Yo ya había sacado dos libros en la Editorial Sudamericana y Enrique Pezzoni, director de publicaciones, me pidió las páginas de las que yo le hablaba. Leyó, corrigió y aconsejó con entusiasmo. Me dediqué de lleno a la novela. Abelardo Arias me decía que no era tiempo para Strip-tease sino para Polvo y espanto, haciendo referencia con negro humor a su novela capital y a las turbulencias que el país sufría.

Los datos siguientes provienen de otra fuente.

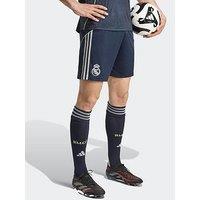 Adidas Mens Real Madrid 25/26 Away Stadium Replica Shorts - Navy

Y sí, Buenos Aires, la Argentina, ya era un infierno espantoso que fui injertando a la novela. Con temores y culpas incrustadas en el cerebro del corazón la llevé a editar, aún con dudas. Pero, para mi sorpresa, ya era tarde. Había que esperar. Pezzoni me explicó que, a pesar de que en el juicio contra mi libro Sólo Angeles la Justicia me había sobreseído, lo mismo el libro era secuestrado de los quioscos, y ni hablar de las librerías, por lo que el horno no estaba para bollos. Entonces se me fueron las dudas y me empeciné en publicarla.

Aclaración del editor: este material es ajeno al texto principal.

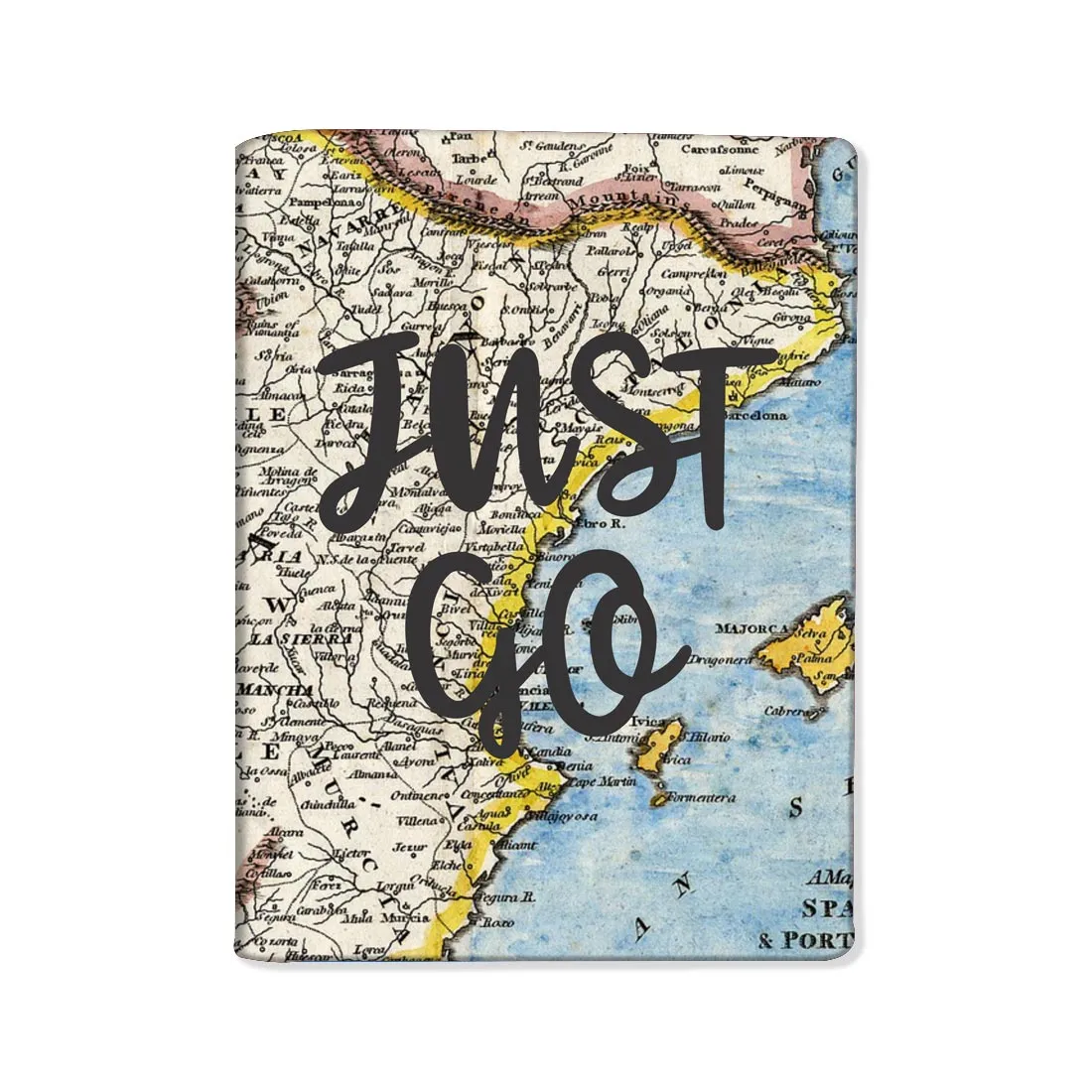 Passport Carrier Cover Holder Travel Case with Luggage Tag - Just Go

Manuel Quiñoy, que además de amigo era, junto a Martini Real, el editor a cargo de la Editorial Corregidor, me acondicionó sobre algo de lo que ya veníamos hablando hacía tiempo: el proyecto de su empresa, ya en los primeros pasos. Así que me pidió, como muestra de compensación y amistad, El Duke para su editorial Eskol, en tanto él metería Strip-tease en Corregidor. Manuel Pampín, amigo y dueño de la empresa (que poco antes, haciendo referencia a mi etapa de escondido en provincias a raíz de algunas intimidaciones, me había dicho: “Vos, si te amenazan, te podés rajar... Pero la editorial no se puede mover, si quieren ponerme una bomba, no cuento el cuento...”), aceptó publicarla, junto a una obrita de teatro infantil con la que yo había ganado un concurso en La Federación Gráfica Bonaerense en mis tiempos de minervista. La idea era amenguar para la época el efecto escandalizador y escatológico de Strip-tease con la pureza de un librito para chicos. Eramos tan inocentes... Fue en 1976, y las dos novelas fueron prohibidas. Pelusa, rumbo al sol, el libro infantil, fue devuelto por todas las librerías a la editorial porque no querían tener ningún libro de ese autor perseguido por los inspectores municipales.
Esto que cuento ocurrió hace 35 años. Hoy, luego de olvidarme de que me había olvidado de esas novelas, ambas vuelven al ruedo, con el pelo emblanquecido, pero con la frente siempre alta y la pluma en ristre. El Duke acaba de publicarse en alemán como Der Boxer, con críticas favorables. Strip-tease, releída, revisada y cuidada definitivamente por Alejandra Tenaglia y Diego Kenis, responsables fervorosos de esta nueva edición de la Editorial Galerna, que me cobijó en los años de soledad y temor, también salta a la pista para interpretar su papel de clown, curioseando, indagando, sugiriendo y apostando al eterno juego de vivir una ilusión nunca realizada, salvo en el plano creativo, en ese espacio donde se mezcla el celeste cielo y la sangre vacía, el beso desconsolado y la furia mística; allí, donde está el numen que cercena el juicio humano; allí, en su preciso punto de oro, donde la libertad de la morisqueta dibuja una risa y la punta de la flecha se clava en la médula del sol.